Have you ever been hit by a gust of wind so strong that it took your breath away? Listening to Conjurer on full blast feels pretty much like that. You might like the music or not, but there is no denying its strength.
Death and black metal, doom, hardcore and post-metal combine on Mire to create a very powerful sound, well produced, and that in itself is a noteworthy accomplishment, especially for a debut album. The band members, although pretty young, have mastered their instruments. The drumming is impressive, and the guitars, alongside of it, are also excellent.
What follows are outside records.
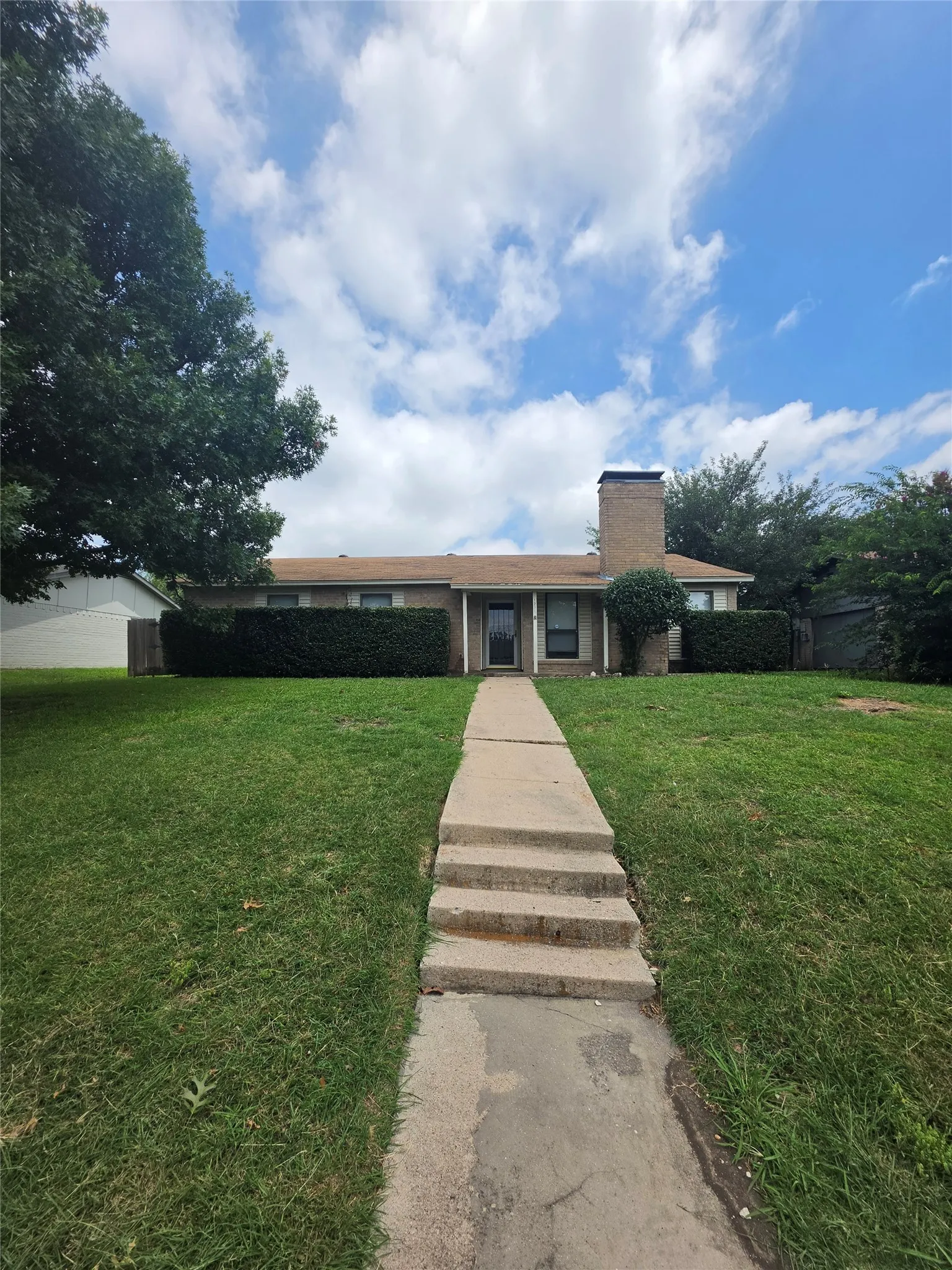 Single Family Residence For Rent in Dallas County , 1225 Oakbluff Drive, Lancaster, Texas 75146, 3 Bedroom, 2 Bathroom, 2 Garage spaces, 1,335 Sqft, built in 1978, mls#21302226, Real Estate Agent in Lancaster, Homes For Rent in Dallas county, Homes For Rent in Lancaster, Realtor in Lancaster Texas, Real Estate Brokerage Independent Realty Texas, Luminita Cordes Realtor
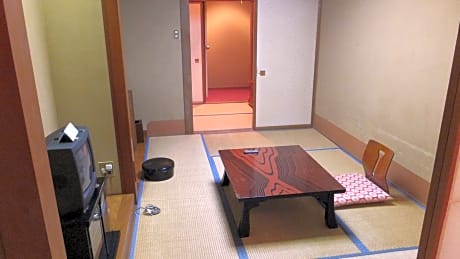 Japanese-Style Single Room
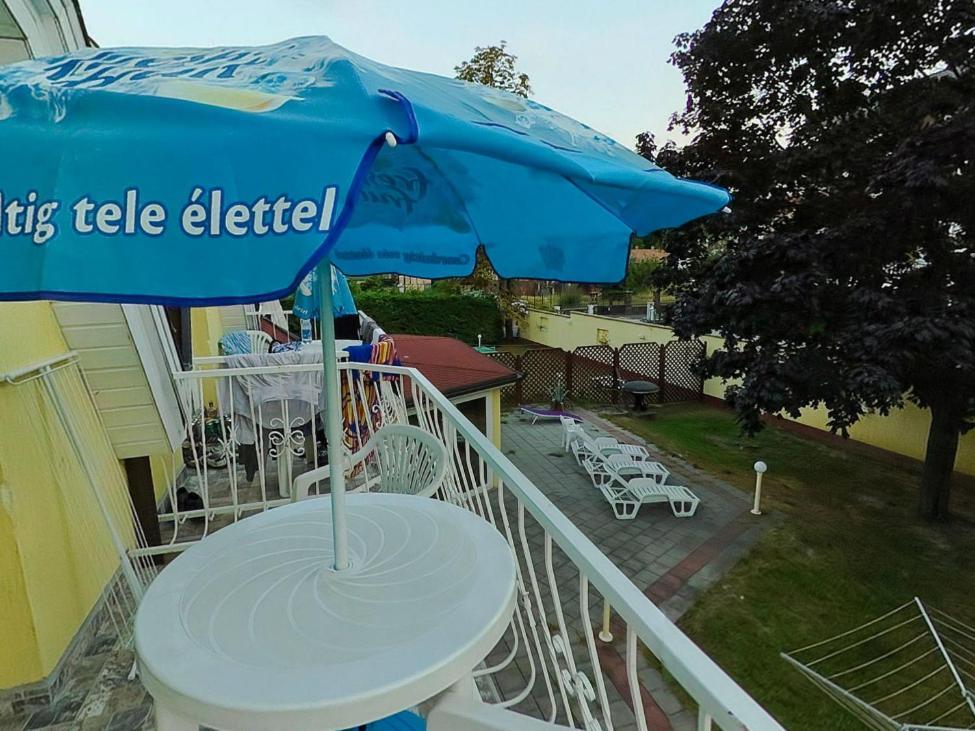 Beach Maganszallas Siófok Exteriér fotografie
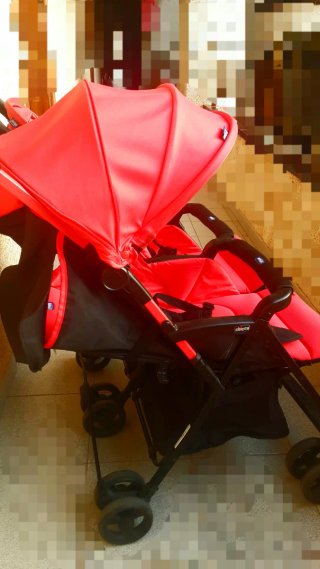 Cochecito doble Chicco rojo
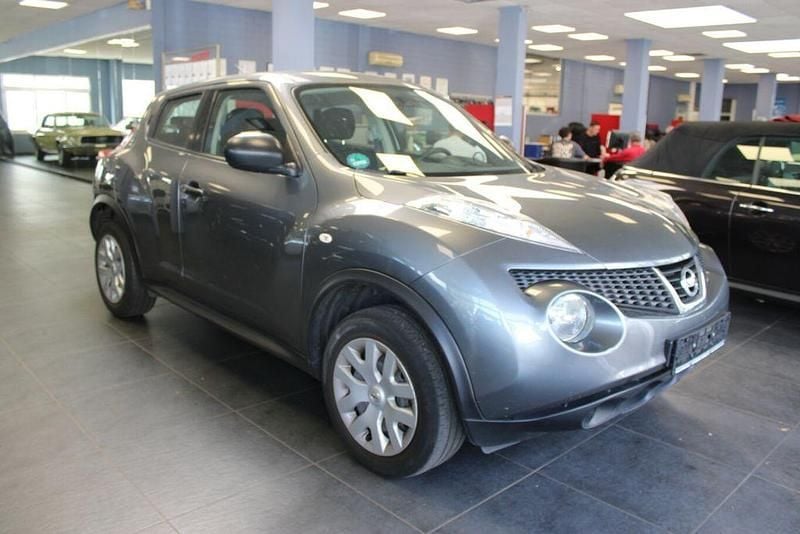 Gebraucht Nissan Juke Visia 117 PS (86 kW) 2013 Grau SUV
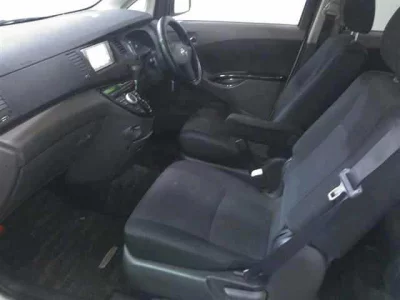 Toyota ISIS  с аукциона в Японии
The album cover presents, at first glance, a complete contrast to the music, looking very unspectacular and quiet. That’s not a bad thing, though. The monsters on metal album covers, especially the feminized ones, have become extremely boring, stupid, and backward. In the real world, most of the time, men tyrannize women, not the other way around. Instead of monsters, the cover to Mire features an innocent storybook scenery in black and white: a classic English dry stone wall, a bridge over a brook. Into this innocent scenery two hooded figures have been placed. They are carrying a wooden box, presumably a coffin. This creates an uncanny contrast. It’s subtle, less in-your-face, and therefore more mature.
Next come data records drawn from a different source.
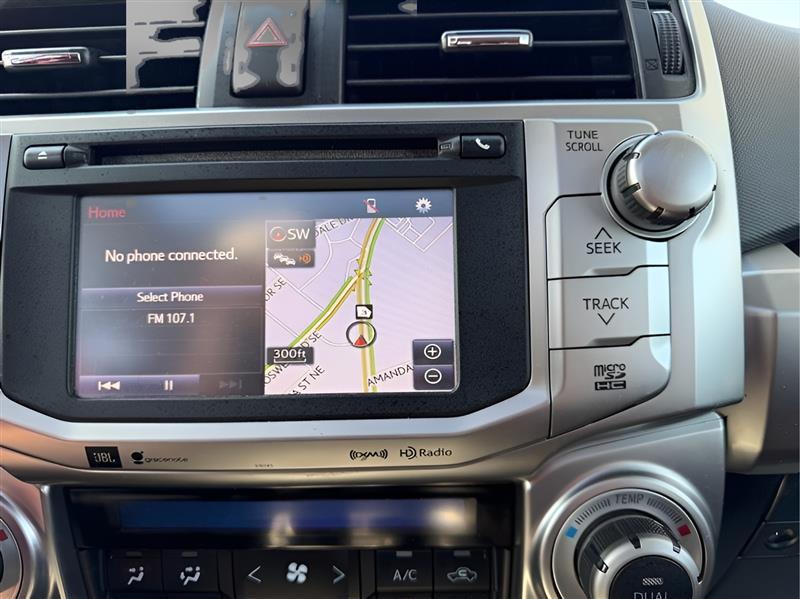 Toyota 4Runner Limited 2WD V6 2017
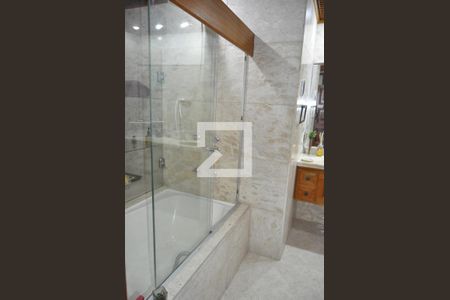 Apartamento à venda com 140m², 2 quartos e 2 vagasBanheiro Terraço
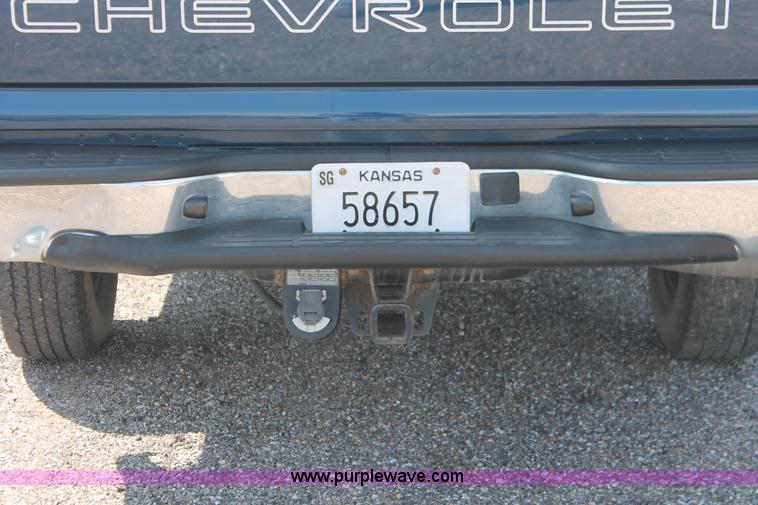image for item D8231 2002 Chevrolet Silverado 2500 pickup truck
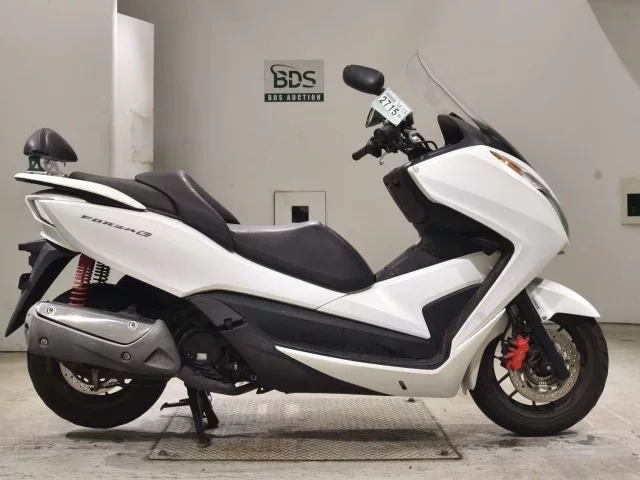 Honda FORZA лот № 2715 оценка 4  с аукциона в Японии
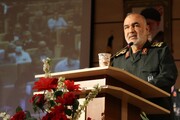 Devrim Muhafızları Ordusu Komutanı: Düşman Elinin Güvenlik Alanımıza Uzamasına İzin Vermeyiz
What the lyrics are about, one can’t really say. The double-vocal growling hinders understanding. Judging from the songs’ titles (for example Retch, or Of Flesh Weaker than Ash), at least some of the tracks deal with classic death metal themes. I don’t find that very innovative. And I like the singing much better, when it’s not growling, but, unfortunately, one can hear that only in one or two short occasions on the album.
The video to the album’s title song The Mire starts out with a classic gothic scenery: a house in a foggy swamp landscape at dusk. In the house, a “virginal maiden“, dressed in a white, innocent dress, about to fall asleep. A male character, probably the maiden’s husband, is stingily counting money by the dim light of a single candle. The classic gothic novel plot would have the maiden saved from the hands of the stingy husband by some hero. The maiden in the video, saves herself by poisoning her husband. However, the swamp, or mire, she runs into is not a welcoming or comforting landscape, and in the end she breaks down. I like very much how the albums title is mirrored in the landscape and the atmosphere of the video, and how is starts out raising classic gothic expectations only to reconstruct them later. Way to go!
To summarize: Great potential, great music, well played, well produced, but nothing new on the vocal front. It will be very interesting to see where Conjurer will be going in the future.